Paal Nilssen-Love, baterista maravilha pertencente à trupe escandinava que tem Vandermark enfeitiçado pelos beiços, é actualmente o músico que confere uma ideia de estabilidade nas ocupações do saxofonista. Uma das razões para isso acontecer é o facto de nunca conversarem sobre a música que fazem. Em vez disso, é mais frutuoso passarem noites a ouvir música, como o músico confessa ter acontecido na véspera da entrevista. Acabado de chegar a Varsóvia, quase não dormiram a ouvir funk e música angolana dos anos 60 e 70, terminando com Eric Satie.

Aquilo que Nilssen-Love lhe oferece de único é a possibilidade de começar repetidamente do zero. Embora toquem juntos desde os tempos dos School Days, há sete anos, Vandermark nunca sente que quando sobem ao palco estão a retomar a música onde a deixaram na véspera. “Voltamos sempre ao início, em que descobrimos o que somos agora, o que é muito entusiasmante para um improvisador.

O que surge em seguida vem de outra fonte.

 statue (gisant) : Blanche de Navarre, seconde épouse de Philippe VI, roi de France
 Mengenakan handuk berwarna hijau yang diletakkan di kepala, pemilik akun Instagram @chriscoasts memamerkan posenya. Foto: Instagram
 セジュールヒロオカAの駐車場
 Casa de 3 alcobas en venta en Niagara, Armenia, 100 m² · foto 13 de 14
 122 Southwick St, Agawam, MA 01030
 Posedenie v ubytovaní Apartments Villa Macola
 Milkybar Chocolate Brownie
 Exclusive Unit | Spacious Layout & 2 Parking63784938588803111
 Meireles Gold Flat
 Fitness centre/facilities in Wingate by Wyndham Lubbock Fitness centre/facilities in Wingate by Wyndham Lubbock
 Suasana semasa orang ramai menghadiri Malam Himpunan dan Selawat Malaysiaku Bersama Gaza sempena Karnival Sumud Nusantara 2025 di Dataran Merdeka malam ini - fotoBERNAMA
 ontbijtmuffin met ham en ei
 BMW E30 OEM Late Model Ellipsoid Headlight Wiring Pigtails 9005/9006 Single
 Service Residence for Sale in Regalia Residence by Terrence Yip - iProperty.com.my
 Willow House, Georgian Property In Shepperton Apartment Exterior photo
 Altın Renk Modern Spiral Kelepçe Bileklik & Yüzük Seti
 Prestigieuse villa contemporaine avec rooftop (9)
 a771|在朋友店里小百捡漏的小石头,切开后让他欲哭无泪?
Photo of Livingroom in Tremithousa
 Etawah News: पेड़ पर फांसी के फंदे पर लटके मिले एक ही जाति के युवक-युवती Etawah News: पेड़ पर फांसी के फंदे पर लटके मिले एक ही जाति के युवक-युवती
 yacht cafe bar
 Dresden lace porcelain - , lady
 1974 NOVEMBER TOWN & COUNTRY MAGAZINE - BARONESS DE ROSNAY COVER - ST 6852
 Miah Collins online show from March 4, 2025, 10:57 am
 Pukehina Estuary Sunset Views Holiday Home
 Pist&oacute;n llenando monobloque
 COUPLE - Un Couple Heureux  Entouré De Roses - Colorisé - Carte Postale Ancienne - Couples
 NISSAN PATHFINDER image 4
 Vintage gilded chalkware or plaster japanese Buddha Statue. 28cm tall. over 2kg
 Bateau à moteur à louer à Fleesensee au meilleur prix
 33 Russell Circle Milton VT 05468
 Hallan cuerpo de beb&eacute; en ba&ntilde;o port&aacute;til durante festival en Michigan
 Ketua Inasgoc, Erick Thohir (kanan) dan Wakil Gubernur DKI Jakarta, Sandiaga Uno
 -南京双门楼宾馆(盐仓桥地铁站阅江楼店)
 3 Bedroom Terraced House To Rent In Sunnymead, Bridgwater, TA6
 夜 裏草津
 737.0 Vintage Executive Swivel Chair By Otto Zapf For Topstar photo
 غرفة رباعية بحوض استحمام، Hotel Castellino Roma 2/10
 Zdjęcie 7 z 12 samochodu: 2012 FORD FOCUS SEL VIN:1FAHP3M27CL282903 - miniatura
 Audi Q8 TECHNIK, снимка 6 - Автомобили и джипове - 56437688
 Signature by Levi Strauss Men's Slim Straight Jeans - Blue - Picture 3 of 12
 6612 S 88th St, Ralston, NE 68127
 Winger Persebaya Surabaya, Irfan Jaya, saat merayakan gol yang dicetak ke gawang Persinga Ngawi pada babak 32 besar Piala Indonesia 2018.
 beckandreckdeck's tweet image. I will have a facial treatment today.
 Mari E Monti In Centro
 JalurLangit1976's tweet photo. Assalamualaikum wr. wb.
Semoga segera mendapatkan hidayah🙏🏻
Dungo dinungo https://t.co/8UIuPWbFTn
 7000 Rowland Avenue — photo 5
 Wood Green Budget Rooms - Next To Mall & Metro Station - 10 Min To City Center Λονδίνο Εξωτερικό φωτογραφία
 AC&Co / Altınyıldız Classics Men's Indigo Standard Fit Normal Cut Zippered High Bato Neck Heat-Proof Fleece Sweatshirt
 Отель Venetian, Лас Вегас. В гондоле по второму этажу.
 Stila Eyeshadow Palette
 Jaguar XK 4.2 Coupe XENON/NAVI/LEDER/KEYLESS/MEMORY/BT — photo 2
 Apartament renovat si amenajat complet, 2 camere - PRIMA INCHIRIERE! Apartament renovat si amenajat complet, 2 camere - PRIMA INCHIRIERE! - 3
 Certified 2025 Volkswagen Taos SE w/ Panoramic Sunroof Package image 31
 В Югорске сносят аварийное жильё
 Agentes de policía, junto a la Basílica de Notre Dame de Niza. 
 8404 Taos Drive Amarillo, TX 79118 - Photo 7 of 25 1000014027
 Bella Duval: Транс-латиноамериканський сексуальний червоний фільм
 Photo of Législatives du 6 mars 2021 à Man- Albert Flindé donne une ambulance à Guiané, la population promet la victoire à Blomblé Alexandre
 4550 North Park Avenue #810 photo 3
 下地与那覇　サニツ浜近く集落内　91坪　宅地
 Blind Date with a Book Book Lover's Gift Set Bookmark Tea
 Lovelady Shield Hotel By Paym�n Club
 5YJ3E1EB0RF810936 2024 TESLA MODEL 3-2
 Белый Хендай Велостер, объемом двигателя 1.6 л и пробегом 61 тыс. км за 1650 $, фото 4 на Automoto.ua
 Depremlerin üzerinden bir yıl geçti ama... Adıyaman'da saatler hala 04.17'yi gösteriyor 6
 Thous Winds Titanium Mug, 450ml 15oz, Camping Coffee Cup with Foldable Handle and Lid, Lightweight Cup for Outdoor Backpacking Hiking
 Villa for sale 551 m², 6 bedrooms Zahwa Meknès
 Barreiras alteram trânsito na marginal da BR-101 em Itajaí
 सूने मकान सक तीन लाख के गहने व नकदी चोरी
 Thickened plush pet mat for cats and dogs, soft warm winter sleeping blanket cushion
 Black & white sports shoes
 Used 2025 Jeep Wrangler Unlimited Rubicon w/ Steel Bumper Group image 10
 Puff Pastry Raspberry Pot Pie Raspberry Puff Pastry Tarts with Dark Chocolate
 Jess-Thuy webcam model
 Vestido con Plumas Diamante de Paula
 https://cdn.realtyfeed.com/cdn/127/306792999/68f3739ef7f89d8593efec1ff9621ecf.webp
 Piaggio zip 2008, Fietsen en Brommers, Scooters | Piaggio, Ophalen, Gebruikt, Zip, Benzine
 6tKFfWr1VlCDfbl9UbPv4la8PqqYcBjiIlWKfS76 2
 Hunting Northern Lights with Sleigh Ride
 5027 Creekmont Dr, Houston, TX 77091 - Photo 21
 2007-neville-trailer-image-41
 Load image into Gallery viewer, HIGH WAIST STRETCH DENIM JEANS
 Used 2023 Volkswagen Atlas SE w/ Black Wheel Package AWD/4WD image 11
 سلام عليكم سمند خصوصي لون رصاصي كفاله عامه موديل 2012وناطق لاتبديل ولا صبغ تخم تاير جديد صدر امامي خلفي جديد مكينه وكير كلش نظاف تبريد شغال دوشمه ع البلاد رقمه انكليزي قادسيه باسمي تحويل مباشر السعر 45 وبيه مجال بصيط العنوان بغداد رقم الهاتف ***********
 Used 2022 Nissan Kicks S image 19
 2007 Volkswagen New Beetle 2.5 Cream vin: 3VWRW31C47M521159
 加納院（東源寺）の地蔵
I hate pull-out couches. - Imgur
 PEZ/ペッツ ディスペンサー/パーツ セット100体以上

Após anos e anos de termos estas conversas musicais em palco, a dois, ainda temos muito para falar. Fico muito frustrado quando chego à conclusão de que já tive todas as conversas possíveis com um músico. Mas com o Paal estão sempre a abrir-se novos caminhos.” Vandermark, no entanto, sublinha a distância que o separa da ideia de pureza da improvisação defendida por Derek Bailey, defensor “de uma abordagem mais autêntica que implica tocar com o outro pela primeira vez, por se estar a descobrir tudo, não haver passado comum, comunicar-se através de ferramentas que não se desenvolveram com o tempo”. Vandermark responde com a sua experiência em contexto de socialização: “As conversas mais interessantes que tenho acontecem com pessoas que conheço há muito tempo, se foram inteligentes, criativas e apaixonadas. Porque quero encontrá-las novamente para ter outras conversas, que nos levarão a outros lugares.”

Para muitos, pode soar extenuante, mas Ken Vandermark diz-se viciado nesta ideia de ter de provar todas as noites aquilo que vale. Na improvisação, defende, não lhe é permitido dirigir-se ao microfone e anunciar “Estou a tocar miseravelmente esta noite e não consigo fazer nada de jeito, mas se me tivessem ouvido ontem teriam ficado muito impressionados”. “Quem é que quer saber disso?”, pergunta com um riso de quem identificou com total exactidão onde é que o vício se instalou. “O que conta na música improvisada é o agora. Funciona como um processo de descoberta em tempo real e assim que isso desaparece deixa de ser descoberta, passa a ser recriação de algumas ideias. Isso já é música interpretativa e eu preciso do sentimento de risco. Isto não é um jogo de xadrez, é uma interacção altamente acelerada”. Em que, quando corre bem, nem ele sabe o que está a fazer.